Whether you’re new to the workforce or have decades of experience under your belt, writing your resume to reflect your level of experience is a skill that needs frequent consideration.
While there are many advisable resume-writing tips that will help you get ahead (listing your most recent experience first is just one of them), there is no one-size-fits-all approach for your entire career.
Use this guide to learn what to include or exclude in your resume depending on your years' of experience.
- 2 years’ experience. With two years in the workforce, it’s likely you’re considered a junior in most fields of work. If you’ve only had one or two jobs in that time, “consider including high school achievements, society or club participation, or certificate training to demonstrate you are an enthusiastic and driven member of the community,” says Joanne Besser, Director of recruitment consultancy Career Threads. Your resume should focus on your achievements such as helping to improve the rostering system at the café you worked at, or the participation rate at an event you organised at TAFE or university.
- 5 years’ experience. Five years of experience is a significant period of time to master a set of skills, providing you’ve either remained in the same field of work during that time or developed a robust set of transferable skills. Similar to junior professionals, you may only have worked in a couple of roles, so you could bulk up your resume by including volunteer experience to help round out your general work experience and to demonstrate you have gained and developed the skills required for the job you’re applying for.
- 10 to 15 years’ experience. When you’ve had ten to 15 years of work experience, it’s likely you feel confident in your skillset and abilities, and have a lot to show for your service to your industry. This is when summarising multiple roles, companies and responsibilities into a concise resume can become a challenge.
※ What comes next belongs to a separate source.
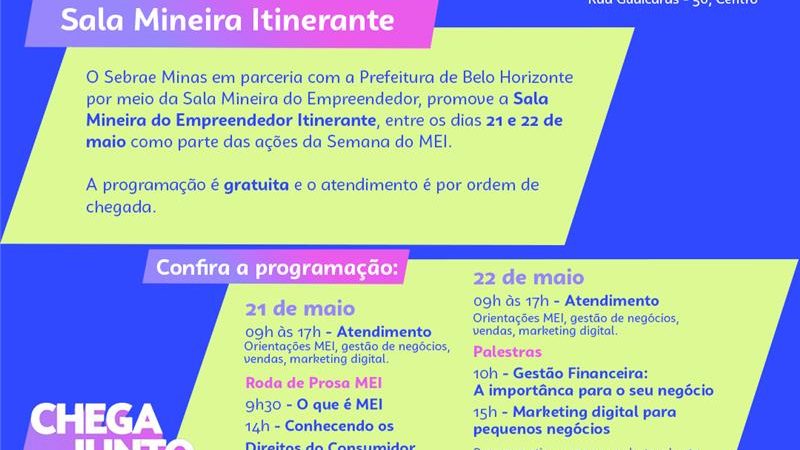 São José da Lapa e outras cidades da RMBH, terão capacitações gratuitas durante a Semana do MEI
Aim to keep your resume to two pages, and leave out any early roles in your career that may have no relevance to the job you’re hoping to land now. You may decide to only summarise your last three roles and simply list previous employers, highlighting key achievements to demonstrate the development of your knowledge and skillset.
- 20 to 30 plus years’ experience. According to Besser, senior professionals with 30 or more years of experience in Australia and New Zealand are more likely to have 4-page-long resumes in comparison to their American counterparts who are encouraged to condense their experience into two pages. But Besser says, “four pages for senior professionals is a reasonable amount to really communicate their wealth of knowledge.” She advises however to only highlight key achievements under each role to make it easier for recruiters and employers to digest. You may also want to highlight programs or groups you have been involved in such as mentoring to a junior colleague or advice to a charity board. These types of experience help demonstrate application of your skillset within the wider community.
Regardless of which stage of your career you're in, it’s important to remember that it’s not how long you've been in the workforce but what skills you can bring to the role. Make this clear in your resume, and you’ll be better positioned to secure your next great role.
Five years of experience is a significant period of time to master a set of skills, providing you've either remained in the same field of work during that time or developed a robust set of transferable skills.